[24638] in Perl-Users-Digest
Perl-Users Digest, Issue: 6802 Volume: 10
daemon@ATHENA.MIT.EDU (Perl-Users Digest)
Tue Aug 3 12:41:13 2004
Date: Tue, 3 Aug 2004 09:40:40 -0700 (PDT)
From: Perl-Users Digest <Perl-Users-Request@ruby.OCE.ORST.EDU>
To: Perl-Users@ruby.OCE.ORST.EDU (Perl-Users Digest)
Perl-Users Digest Tue, 3 Aug 2004 Volume: 10 Number: 6802
Today's topics:
CGI file ownership (Andrew)
Re: CGI file ownership <invalid-email@rochester.rr.com>
Re: CGI file ownership (David Efflandt)
Re: CGI file ownership <webmaster @ infusedlight.net>
Re: CGI file ownership (Andrew)
Re: CGI file ownership <Joe.Smith@inwap.com>
Re: CGI file ownership <spamtrap@dot-app.org>
Re: CGI file ownership <clpm@nospam.perusion.com>
Re: CGI file ownership <webmaster @ infusedlight.net>
Re: CGI file ownership <spamtrap@dot-app.org>
Re: CGI file ownership <jurgenex@hotmail.com>
Re: CGI file ownership (Walter Roberson)
Re: CGI file ownership <spamtrap@dot-app.org>
Re: CGI file ownership <nanae@nanae.perusion.com>
Re: CGI file ownership <spamtrap@dot-app.org>
Digest Administrivia (Last modified: 6 Apr 01) (Perl-Users-Digest Admin)
----------------------------------------------------------------------
Date: 24 Jul 2004 10:16:31 -0700
From: arobcorp@yahoo.com.au (Andrew)
Subject: CGI file ownership
Message-Id: <9e8ef4c1.0407240916.6a9513a9@posting.google.com>
Hi all and thanks for any help given!,
I am currently building a web page with cgi's that create text files
to store data.

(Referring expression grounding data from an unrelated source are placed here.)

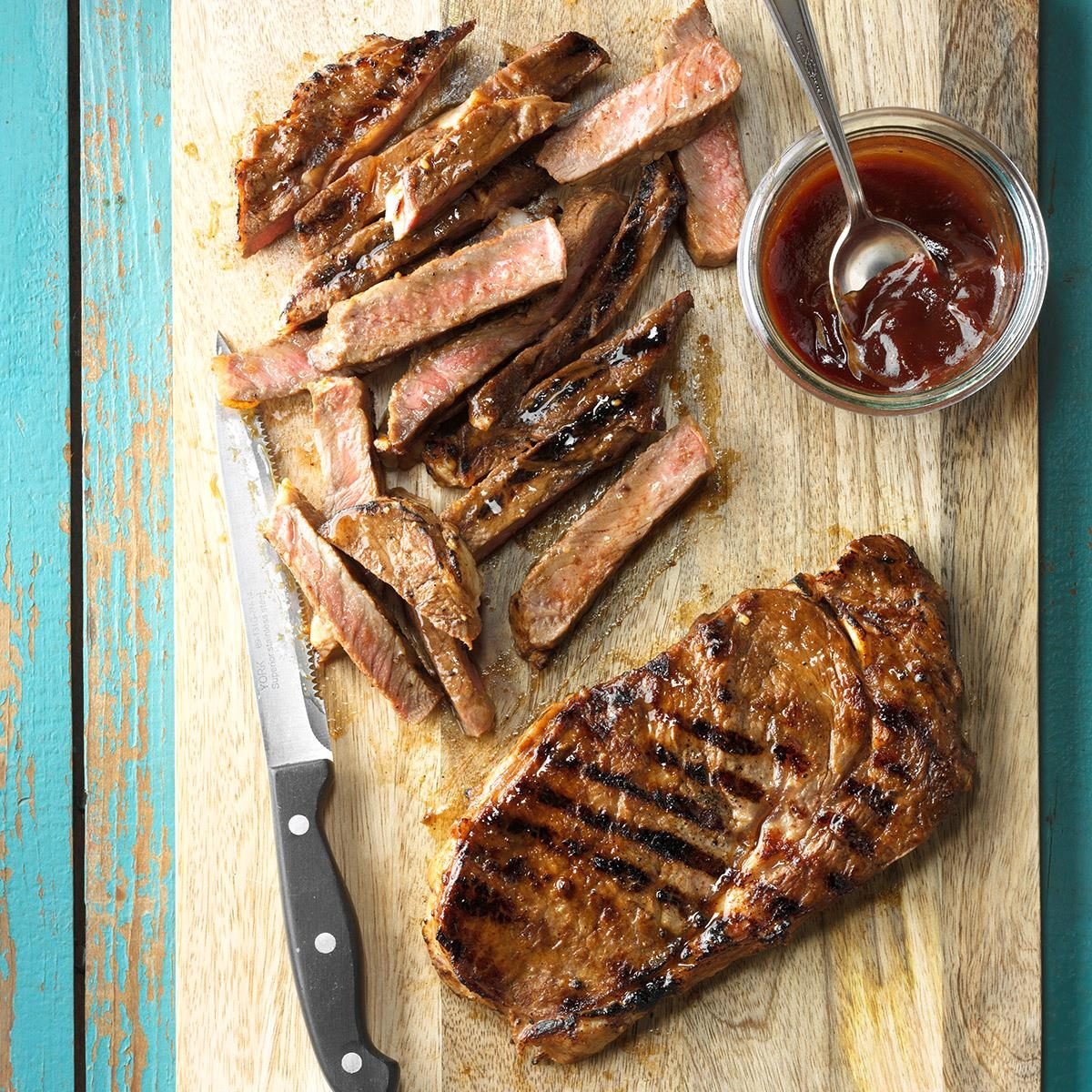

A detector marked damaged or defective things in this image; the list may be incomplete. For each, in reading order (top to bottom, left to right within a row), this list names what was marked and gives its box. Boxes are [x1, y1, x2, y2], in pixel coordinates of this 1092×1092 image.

peeling teal paint [0, 4, 75, 1087]
peeling teal paint [80, 0, 172, 1087]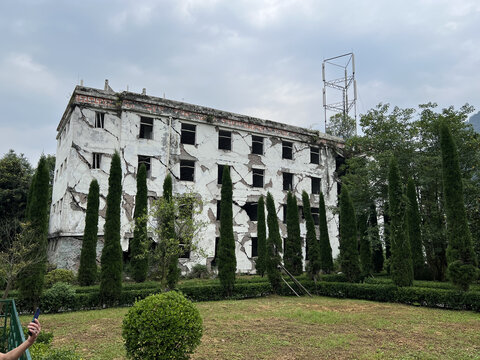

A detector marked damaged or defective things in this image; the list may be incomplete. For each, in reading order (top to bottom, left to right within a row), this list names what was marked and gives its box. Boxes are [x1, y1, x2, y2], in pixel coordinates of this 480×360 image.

damaged concrete building [48, 81, 344, 272]
cracked wall [48, 87, 344, 272]
broken window [240, 201, 258, 221]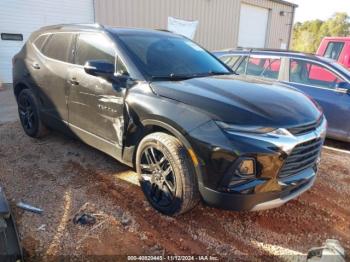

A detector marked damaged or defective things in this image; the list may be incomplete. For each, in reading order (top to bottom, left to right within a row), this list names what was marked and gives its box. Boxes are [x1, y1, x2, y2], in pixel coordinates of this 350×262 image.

When it does this it is saving the file with ownership
of apache, and i want to change the ownership of the file to a lesser
owner (the one where the webpage is stored). I have tried some comands
and variations of the commands with no sucess!. is there anyone that
knows how to change the ownership (hardlink) to a lesser owner?, if so
could you please provide the line of code and how it works =)
Thanks Heaps
Andrew
------------------------------
Date: Sat, 24 Jul 2004 17:32:28 GMT
From: Bob Walton <invalid-email@rochester.rr.com>
Subject: Re: CGI file ownership
Message-Id: <41029CB7.5020000@rochester.rr.com>
Andrew wrote:
...
> I am currently building a web page with cgi's that create text files
> to store data. When it does this it is saving the file with ownership
> of apache, and i want to change the ownership of the file to a lesser
> owner (the one where the webpage is stored). I have tried some comands
> and variations of the commands with no sucess!. is there anyone that
> knows how to change the ownership (hardlink) to a lesser owner?, if so
> could you please provide the line of code and how it works =)
...
> Andrew
>
You don't say what your OS is, but I assume is it some flavor of Unix.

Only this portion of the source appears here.